Le 21 décembre 2012, le monde devait être détruit. Cette prédiction, qui tarde en définitive à se réaliser, ne nous vient pas de Nostradamus, notre grand voyant, mais des Mayas qui auraient, paraît-il, gravé cette date dans la pierre de leur calendrier.
Il y a eu en fait tant de versions des moments ultimes qu'un terme a été créé pour les évoquer ! Lançons-nous donc dans l'eschatologie, c'est-à-dire l'étude de la fin des temps (le mot a été forgé en 1864 à partir du grec « eskatos », dernier ou extrême, et « logos », discours).
Du déluge à l'apocalypse nucléaire, voici le rappel de ces mythes qui ont cristallisé les angoisses des hommes.
Le temps : roue ou flèche ?
Dans l'Antiquité, le futur ne se présente pas tant comme la fin du monde que comme la fin d'un monde. Faisant un parallèle avec le cycle des saisons, les Anciens pensent que leur univers est certes voué à disparaître, mais pour mieux renaître par la suite.
La conception d'un temps cyclique est encore présente chez une majorité de peuples, de l'Amazonie jusqu'en Inde où la « dissolution » (pralaya) est provoquée régulièrement par l'entrée en sommeil de Brahmâ, architecte de l'univers.
Est ainsi mise en avant la notion optimiste de l'éternel retour, visible encore sur nos calendriers et dans le cadran de nos montres analogiques : comme l'été succède à l'hiver, les temps difficiles ne sont qu'une étape avant le renouveau. Le dieu Ré, en Égypte, ne disparaît-il pas chaque soir derrière l'horizon pour mieux renaître le lendemain ? En Grèce, à chaque printemps, Perséphone ne ramène-t-elle pas la vie en sortant des enfers pendant quelques mois ?
C'est chez les Hébreux que naît l'idée révolutionnaire d'un temps linéaire, s'écoulant de façon irréversible entre un début et une fin, de la naissance d'Adam, qui marque le début de la chronologie biblique, à la fin des temps et donc du monde terrestre.
En même temps que la perspective d'un monde fini, un nouvel espoir apparaît dans les trois grandes religions monothéistes (judaïsme, christianisme, islam) : la certitude de l'existence d'un autre monde que celui dans lequel vivent les croyants, un monde parfait qui ignore le Mal et la Mort.

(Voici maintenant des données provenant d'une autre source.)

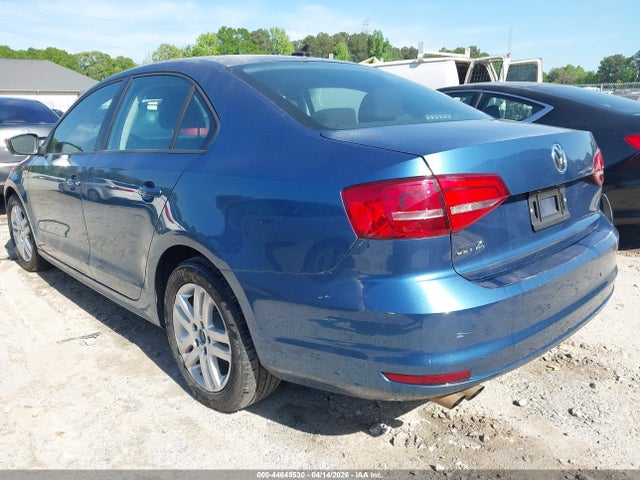 Продаж на аукціоні авто 2015 Volkswagen Jetta 2.0l S, vin: 3VW2K7AJ6FM211788, номер лоту: 44648530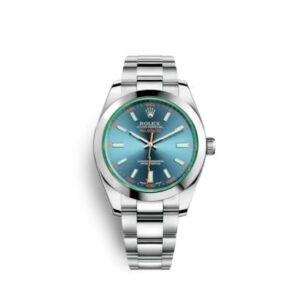 Milgauss acciaio eta 2836.2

On peut trouver les prémices de la fin du monde et de la vie éternelle chez les anciens Perses, adeptes du mazdéisme.
L'espérance en la vie éternelle n'exclut donc pas l'angoisse, car, avant d'accéder au bonheur éternel, il faut se confronter aux cataclysmes destinés à détruire les anciennes sociétés. Et revoilà nos vieilles peurs qui renaissent...
Nettoyage à grandes eaux : le déluge
La nécessité de faire régulièrement table rase pour mieux permettre tous les espoirs de renouveau est présente dans de nombreuses civilisations à travers le mythe du déluge, une des visions les plus anciennes et les mieux partagées de la destruction du monde.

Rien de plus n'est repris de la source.